Sweet potato vines have proven to be high quality feed for calves because of their high nutrient content, palatability (calves like that) and protein content. When calves are fed regularly with sweet potato and Napier grass, farmers can reduce by half the milk they give to their calves – which means sweet potato is a good substitute for milk. Calves fed Napier grass supplemented with sweet potatoes grow faster than those fed Napier grass alone, although calves fed a combination of Napier grass, sweet potato creepers, alfalfa, desmodium, leucaena and sesbania sesbania do much better than those fed Napier grass and sweet potato alone.

Sheep

Mixed creepers and sweet potato tubers fed to sheep have been found to increase nutrient intake (and use by sheep) – This combination reduces the cost of feeding sheep. Lambs (young sheep) have been found to increase their daily weight gain by 50 to 60 g per day.

Goats

Goats love sweet potato vines. Daily weight gains of 44 g to 82 g were recorded in goats fed sweet potato vines and cottonseed meal. Sweet potato vines provide enough raw protein and energy to support goats in milk and meat production, even during dry periods when there is less forage. Feeding goats with sweet potato vines provides cheap nitrogen and increases feed efficiency; sweet potato vines can comfortably replace concentrates, especially in males (goats).

Pigs

Sweet potato vine is one of the most important feeds for pigs, mainly because of its high crude protein content, high digestibility (over 65 percent) and amino acid content. Sweet potato lianas, whether given fresh, dried or in silage, are a good source of protein and amino acids (compounds that combine to form proteins such as lysine, glysine, tryptophan, methionine etc). Smallholder farmers can reduce the use of expensive feeds such as soybeans and fishmeal by feeding sweet potato creepers to pigs. Fresh sweet potato vines can be used to feed pigs without any negative effect on their health and can be used for growth and finishing (pigs being slaughtered for the market) as they value other feeds fed to pigs.

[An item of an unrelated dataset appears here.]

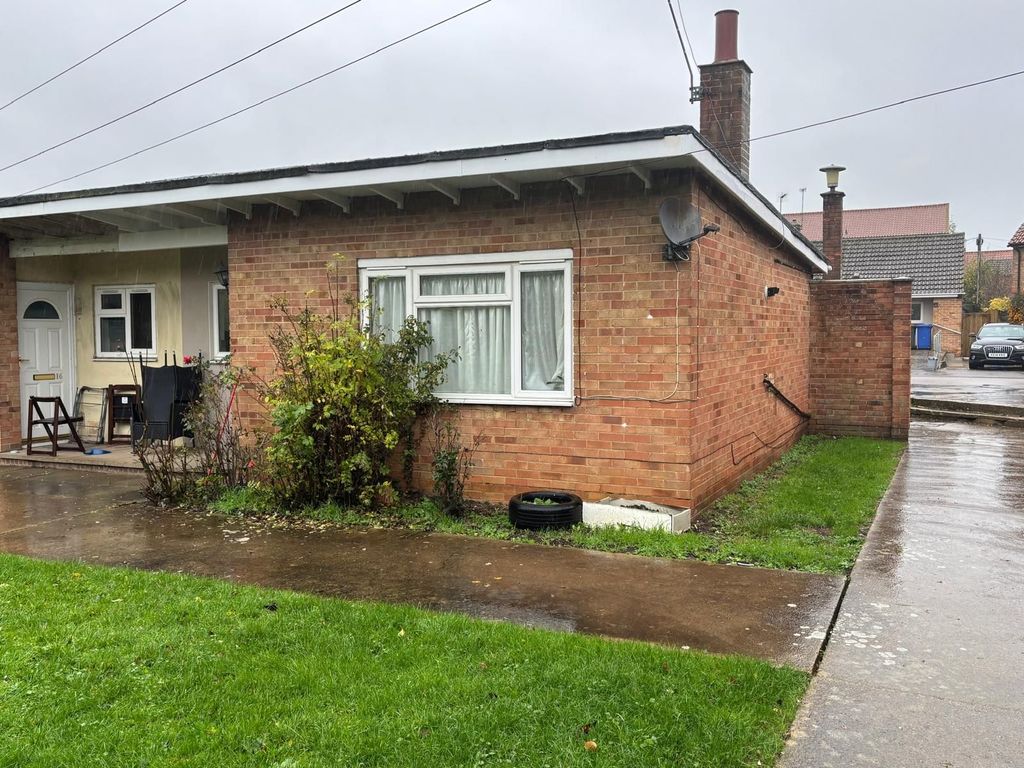 Property photo 2 of 12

Vines increase the digestibility and performance of the feed. Sweet potato lianas should be fed to pigs throughout the day (ad libitum). The average daily forage of fresh sweet potatoes for a pig weighing 50 kg should be 3 kg. Sweet potato lianas can be given either as a unique protein supplement or in combination with other forages such as mulberry or manioc leaves.

Fresh sweet potato foliage offered to weanlings can reduce cereal concentrates by 10 percent, resulting in good results in weight gain, feed conversion, mortality and herd elimination. It was found to increase food consumption by 25 percent.

Sows :

Sweet potato creepers can be fed to gilts (female pig under 6 months of age) and sows (mother or adult female pig). Sweet potato leaves can cover 50 percent of the daily food needs of sows and gilts and 20 percent in lactating pigs. Sweet potato silage can be prepared alone or with added lysine, cassava leaves or sweet potato roots.